De cette idée est née une vidéo, Parce que, filmée en 2019 par le réalisateur Neels Castillon. On y voit la performance du breakdancer et chorégraphe Léo Walk, couplée à celle de la peintre, peignant ce gigantesque tableau, sur un air de Gainsbourg, dans une maison abandonnée dans le sud de la France.
"J'ai vraiment un rapport particulier avec le toucher, la matière, la texture et ça me paraissait logique avec la danse. J'avais envie que Léo piétine cette peinture." Inès Longevial considère d'ailleurs cette peinture comme une "scène, un espace scénographique, plus encore qu'une toile".

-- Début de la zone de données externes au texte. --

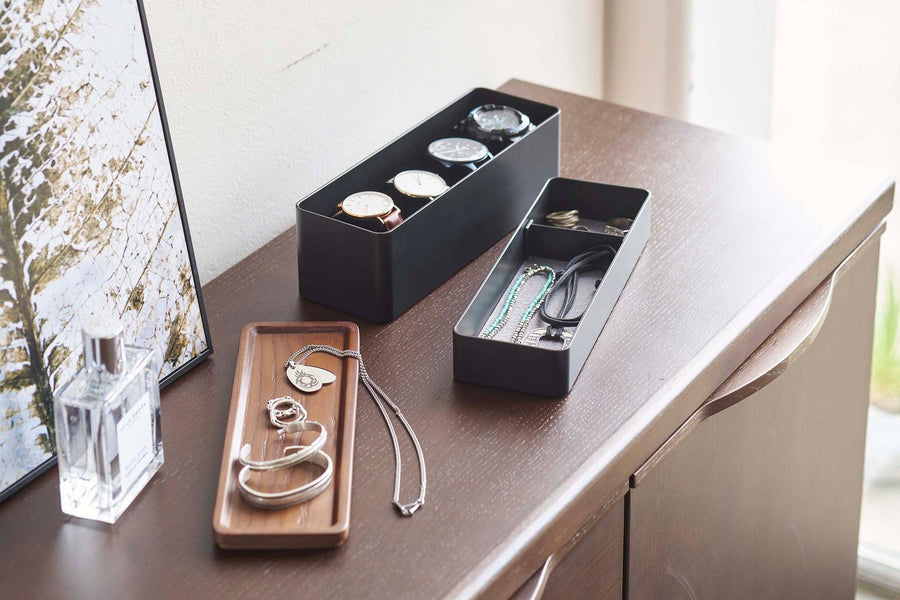 2-Tier Black Stacking Watch and Accessory Case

Un espace immersif dédié à la diffusion de cette vidéo dans l'église des Jacobins, clos l'exposition sur cette douce note de poésie.
Deux tableaux d'Inès Longevial seront également à retrouver à Paris, dans le cadre de l'exposition l'Eté Indien à la galerie Ketabi Bourdet, du 30 août au 1er octobre 2022.
Magic Hour jusqu'au 11 septembre 2022. Musée des Beaux-Arts, Agen. Ouverture tout public du mercredi au dimanche, de 14h à 18h. Tarif 5€.